I’m looking for a JS library that will find (or
otherwise-specified) elements on an HTML page and wrap bits in … type elements for CSS syntax coloring of
the original source.

I’ve found two JS-based syntax highlighters ([1] and [2]), but both
fail on Ruby code like:
foo = “Hello #{ “World” }”

They’re both regexp-based, which is the problem. I’m happy to use them
for quick-n-dirty highlighting, but I’m hoping that someone has
written a lexer/parser that handles more complex situations like this
(even if it doesn’t cover every single edge case).

On Feb 27, 12:43 pm, “Phrogz” [email protected] wrote:
[snip]

I’ve found two JS-based syntax highlighters ([1] and [2]), but both
[/snip]

Oops, forgot to attach the references:
[1] http://www.dreamprojections.com/SyntaxHighlighter/
[2] highlight.js

On Wed, Feb 28, 2007 at 04:50:05AM +0900, Phrogz wrote:

On Feb 27, 12:43 pm, “Phrogz” [email protected] wrote:
[snip]

I’ve found two JS-based syntax highlighters ([1] and [2]), but both
[/snip]

Does it have to be JS? You gonna do client side lexing of ruby in JS? (I
guess it has to be, else you wouldn’t have asked.)

  • forges on anyway *

Sure you can’t use http://coderay.rubychan.de/ instead?

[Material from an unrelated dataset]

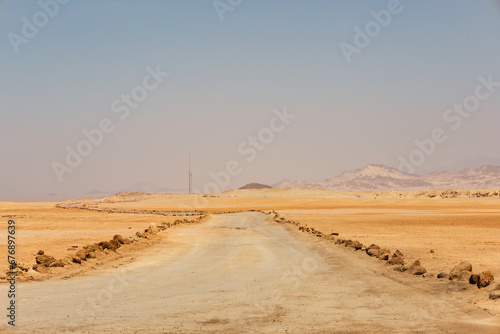 Driveway in Ras Mohamed National Park. Ras Muhammad in Egypt at the southern extreme of the Sinai Peninsula. The road in desert.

On Feb 27, 3:44 pm, Logan C. [email protected] wrote:

Does it have to be JS? You gonna do client side lexing of ruby in JS? (I
guess it has to be, else you wouldn’t have asked.)

  • forges on anyway *

Sure you can’t usehttp://coderay.rubychan.de/instead?

I could, for sure. That trades bytes over the wire for user’s cpu
time. Sometimes I just really like having code syntax highlighted by
the page, particularly when it’s a tiny snippet as part of a larger
page, and not an entire source file.

I hacked the second library I found to do what I want. Although I’m
annoyed with its speed, it’s working reasonably OK for now. It looks
like I was wrong, that is has some form of ‘real’ lexing applied via a
very incomplete idea about Ruby syntax. If no one has a premade JS
library for this, and if it bothers me enough, I’ll spend some time
understanding its scoping and lexing rules and see if it can make the
jump from string mode back into code mode. My quick hackery to add
some features makes it look possible.